Thursday, June 20, 2019

Network interfaces disappears upon reboot linked to IB switches ?

Issue:

InfiniBand SUN DCS 36p switch port is set to auto-disabled when the link exhibits sub-optimal link speed or bandwidth.

Error in messages file:

ip : [ID 505317 kern.error] ibd: DL_ATTACH_REQ failed: DL_SYSERR (errno 22)
ip:  [ID 590039 kern.error] ibd: DL_BIND_REQ failed: DL_OUTSTATE 
ip: [ID 312130 kern.error] ibd: DL_UNBIND_REQ failed: DL_OUTSTATE 
ip: [ID 505317 kern.error] ibd: DL_ATTACH_REQ failed: DL_SYSERR (errno 22)

Below is a description of Autodisable Functionality:
Switch chip ports and their connectors can be configured to automatically disable should their links exhibit high error rates or sub-optimal link speed or width.

You use the autodisable command to add the connectors to the autodisable list, which has two parts; one for connectors whose links fail from high error rates, and another for connectors whose links fail from suboptimal link speed or width.
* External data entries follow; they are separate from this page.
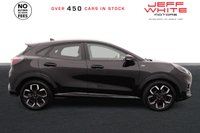 USED 2023 73 FORD PUMA 1.0T EcoBoost MHEV ST-Line X 5dr (SAT NAV) 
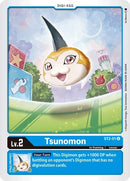 Image for Tsunomon [Starter Deck 02: Cocytus Blue]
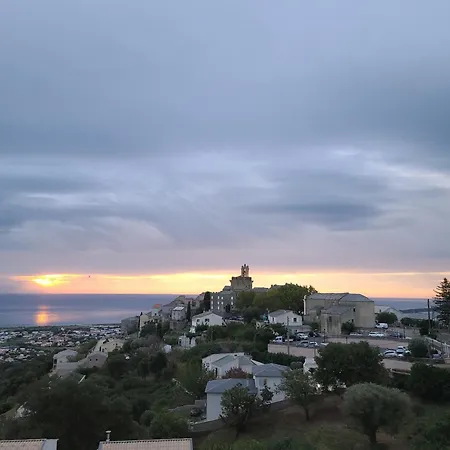 A Casa Di Loulou E Maria * Furiani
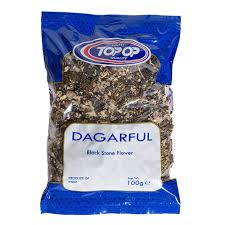 Shop Topup Dagarful 100g at Grocerywala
A connector can be configured for both parts.

The autodisable feature monitors the following to determine if a connector and its respective link are experiencing high error rates:
     SNMP traps
     Oracle ILOM event log
     Syslog
     Email alerts
The autodisable feature also monitors the link speed and width, and if any of the following combinations are discovered, the link is considered suboptimal:
     1x SDR
     1x DDR
     1x QDR
     4x SDR
     4x DDR
 As a side note, this issue may also be caused by a bad partner link or misconfiguration.

Solution:

This feature is enabled from firmware 2.X. When the port goes down with AutomaticBadSpeedOrWidth, then re-enable using enableswitchport --automatic once confirmed there are no faults reported at physical layer.
For more details:  Refer to (Doc ID 1605955.1) on how to enable the switch port when it is auto-disabled.